Built and trained the authorship attribution model.
Framed the task at the sentence level to improve interpretability.
Integrated SHAP and LIME to explain model predictions.
Developed a pipeline for similarity scoring between user text and reference authors.
Helped evaluate both model quality and system efficiency in an interactive setting.

Key idea

A key design choice was to avoid treating the input as one opaque block of text. Instead, the system splits writing into sentences, classifies them with fastText, and then aggregates the results. This makes the prediction pipeline easier to interpret and also enables token-level explanation through SHAP and LIME.

Beyond classification, the project computes cosine similarity between the input text and reference texts so that users can see not only the predicted author, but also how closely their writing aligns with different styles.

Main findings

We trained and compared two fastText models: a basic version and an auto-tuned version. The auto-tuned model clearly performed better, reaching a P@1 of 94.7%, compared with 75.4% for the basic model. The report argues that this improvement is especially meaningful in the multi-author setting, where the classifier must separate many stylistically similar classes.

We also compared SHAP and LIME as explanation methods. In our experiments, SHAP was substantially more computationally efficient, especially as input length increased, making it the better choice for a real-time interactive system.

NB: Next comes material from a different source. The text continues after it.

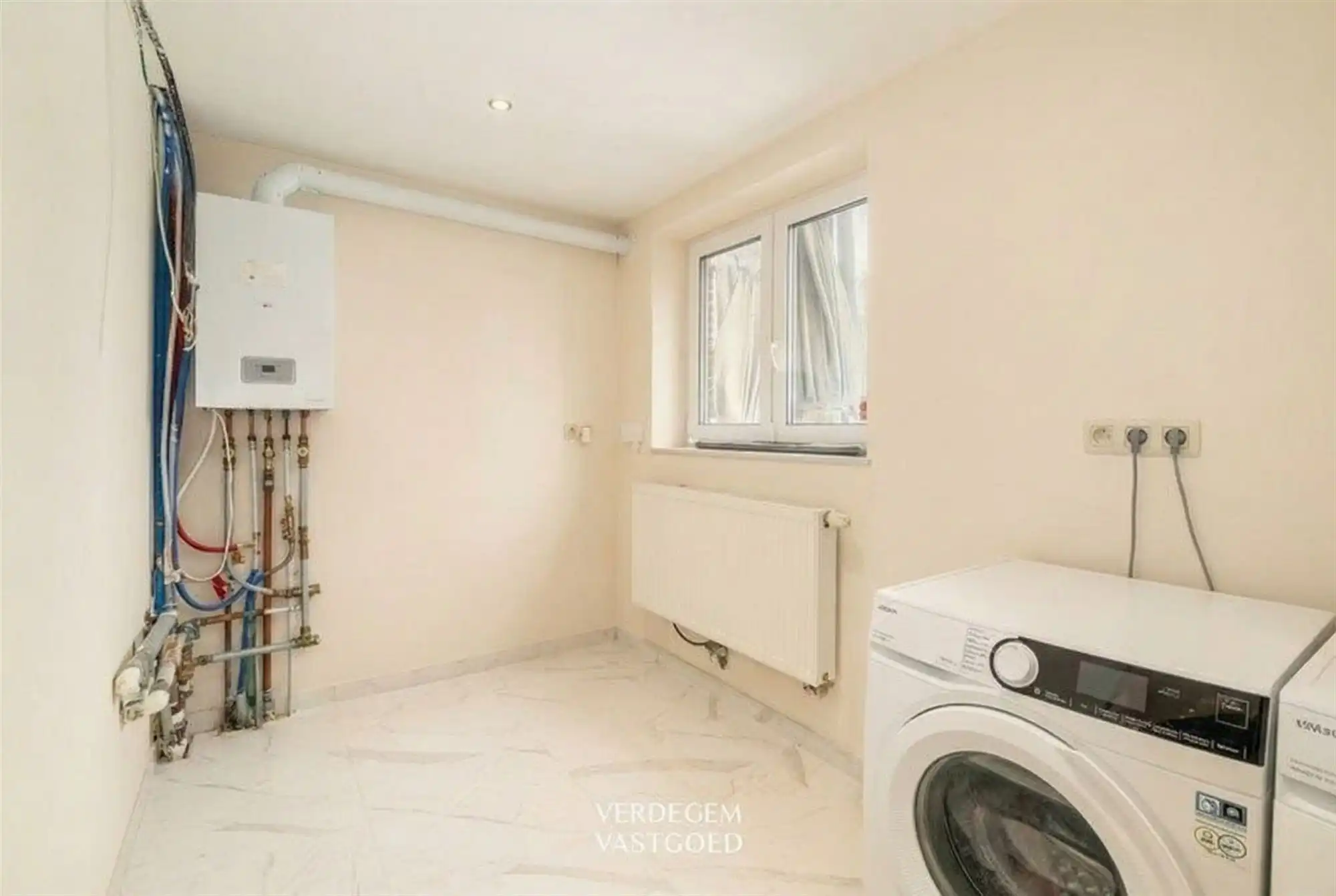 Ruime vrijstaande woning met 3 slaapkamers, tuin en garage / atelier foto 8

Finally, the Tornado server showed good scalability under increasing request load and longer text inputs, suggesting that the system was practical as an interactive web tool rather than just an offline experiment.

Dataset and scope

The full dataset contains 3,036 English-language books by 142 authors, but for the implemented system we used a curated subset of 10 authors to make training and evaluation more manageable. These authors were selected to span a range of literary styles, from Agatha Christie and Jane Austen to Walt Whitman and Winston Churchill.

Explainability in action

A central contribution of the project is that the model does not stop at prediction. With SHAP and LIME, the interface can highlight which words or phrases push a sentence toward one author over another. This makes the system more useful for education and exploration, since users can inspect stylistic signals rather than receiving only a label.

Interactive interface

The repository includes a Tornado-based web interface that lets users submit text and receive classification results, similarity scores, and explanations in real time. This made the project feel more like a usable application than a standalone model benchmark.

Course context

This project was completed for ECS 171: Machine Learning at UC Davis in Summer Session 2, 2024, and received full marks.